From d8942b2e3789776fa020e16f135ac94dcecc3a8a Mon Sep 17 00:00:00 2001
From: foreman
Date: Thu, 5 Nov 2015 18:28:26 -0500
Subject: [PATCH] P4 to Git Change 1208096 by ashi1@ashi1_win50 on 2015/11/05
18:20:58
SWDEV-80864 - HSAIL Metadata Workgroup Size Hint and Vec Type Hint added to HSAIL Runtime
Runtime changes required for the use of these two metadata:
- Runtime's gpukernel.cpp requires new aclQueries during HSAILKernel::Init
- One for quering WorkGroupSizeHint's array
- Two for size of VecTypeHint and fetching VecTypeHint's string
- initArgList needs to be moved to end of HSAILKernel::init to allow createSignature to get non empty values
- Compiler lib's workgroup hint (wsh) needs to match runtime's type (size_t)
- In Kernel constructor, instead of using memset which corrupts std::string, specifically set default workGroupInfo struct's variables
Also fixed wavesPerSimdHint to use size_t to match runtime.
Updated CLAssumptionCheck.cpp since aclMetadata structure was modified.
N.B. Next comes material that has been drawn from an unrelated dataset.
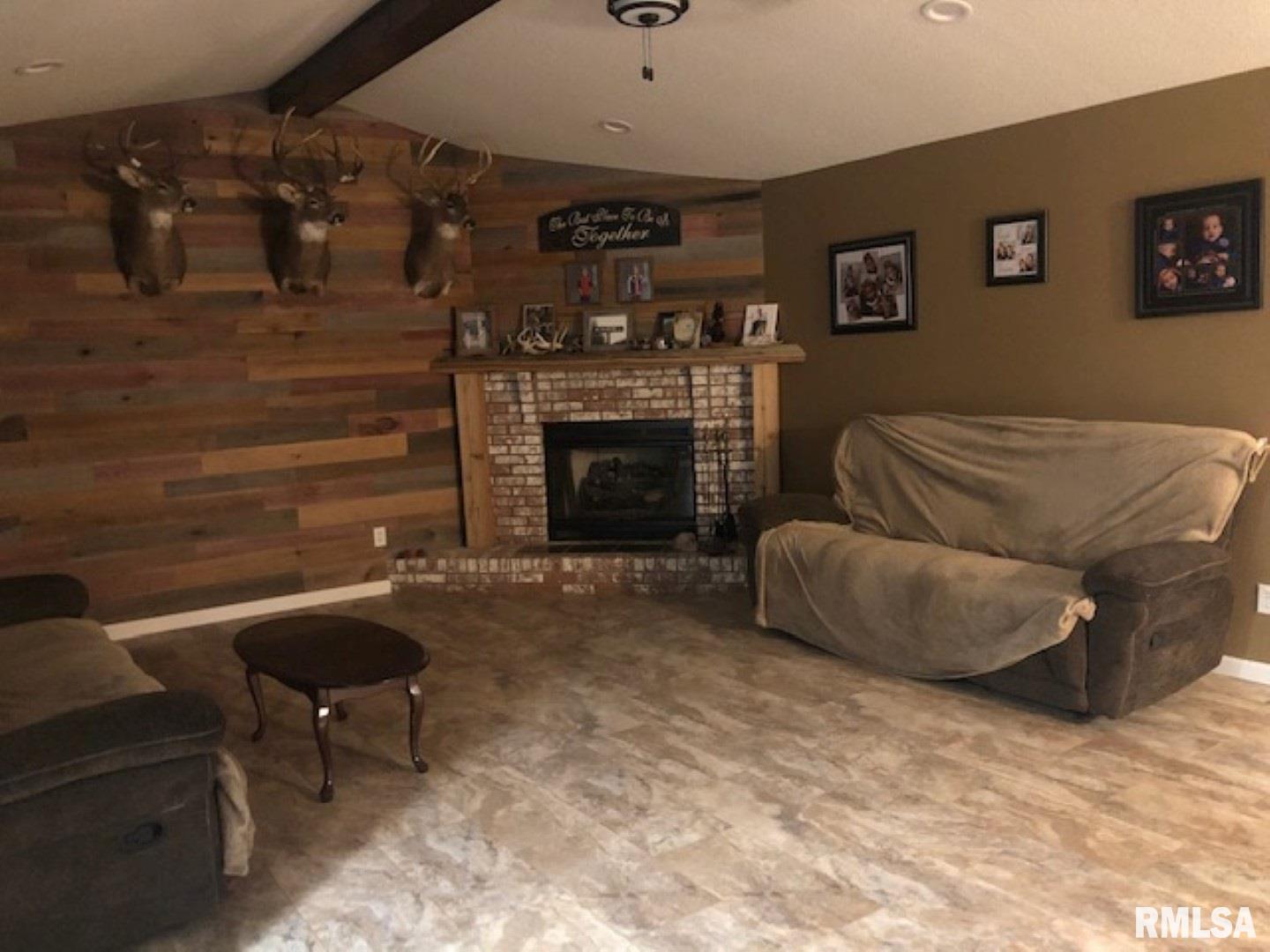 3295 Buncombe Road Vienna, IL 62995 - Photo 3 of 36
Note: This is the runtime counterpart to submitted CL#1204512. (Post Review#8808, SWDEV-79695)
Affected files ...
... //depot/stg/opencl/drivers/opencl/compiler/legacy-lib/include/v0_8/aclStructs.h#5 edit
... //depot/stg/opencl/drivers/opencl/compiler/lib/include/v0_8/aclStructs.h#22 edit
... //depot/stg/opencl/drivers/opencl/runtime/device/device.hpp#260 edit
... //depot/stg/opencl/drivers/opencl/runtime/device/gpu/gpukernel.cpp#308 edit
... //depot/stg/opencl/drivers/opencl/tests/ocltst/module/complib/CLAssumptionCheck.cpp#48 edit
[ROCm/clr commit: b9fcb50bbcb5535d9622109817e40b23f095d3bd]
---
.../compiler/lib/include/v0_8/aclStructs.h | 4 +-
projects/clr/rocclr/runtime/device/device.hpp | 31 ++++++++++++++-
.../rocclr/runtime/device/gpu/gpukernel.cpp | 39 +++++++++++++++++--
3 files changed, 68 insertions(+), 6 deletions(-)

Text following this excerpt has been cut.